Make Something: Glasses

makesomething-glasses

The year was probably 1994 or 1995. I’d been out of journalism school and writing professionally (for pay) for a few years. An outstanding boss/writing mentor had taught me even more than my professors about using active verbs, writing tight, and eliminating errors. I was no longer “just” a writer. I was an editor. A good one.

This skill would be a valuable asset.

Or so I thought. Until that Sunday morning when I grabbed the Trib and a red pen and settled in at the dining room table to edit the newspaper.

Yes, I sat down in my spare time to edit the Chicago Tribune.

I used to read the paper. In fact, I used to read everything. Books, magazines, posters, pamphlets, manuals. But now I was obsessed, and reading for pleasure was not an option. As my editing and proofreading abilities grew stronger, my tolerance for errors weakened. Typos infuriated me. Run-on sentences made me itch. Lapses in parallel structure gave me facial tics.

About this time, I gave up the Book of the Month Club and joined BMG Music, so my mailbox filled with CDs rather than books.

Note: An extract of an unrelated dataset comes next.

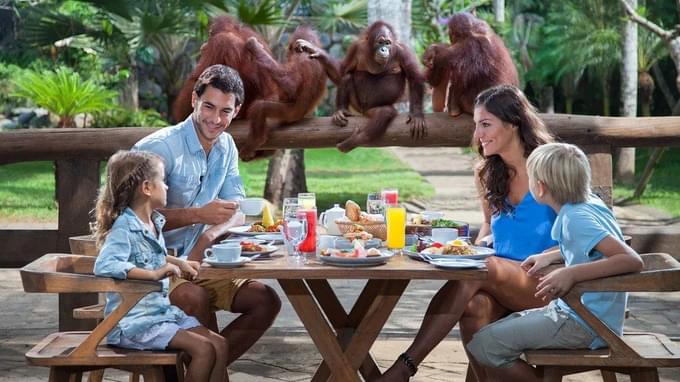 Breakfast with Orangutans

If those songwriters misspelled words, at least I couldn’t hear their errors.

In the past few years, I’ve been working to recover my passion for reading. Self-publishing and blogging give us the opportunity to read the writing of so many creative, thinking people …

… many of whom could use a good editor. But that doesn’t mean I can’t benefit from their ideas. If only I could ignore the errors.

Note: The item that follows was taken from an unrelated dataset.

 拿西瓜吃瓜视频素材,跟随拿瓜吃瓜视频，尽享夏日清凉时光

Along comes today’s make something prompt: build a pair of glasses. They’re not pretty, but perhaps these spectacles will begin to address my problem. Here’s the recipe:

  • A giant pair of pink glasses, large enough to filter all the text and rosy enough to keep my view positive
  • A pot scrubber, to scour the language before it passes through my lenses
  • A couple of red pens to flag errors and suggest helpful revisions
  • An eraser to eliminate unnecessary phrases
  • A wine cork … because I might need a little something to relax into the words

What do you think? Should I pursue a patent?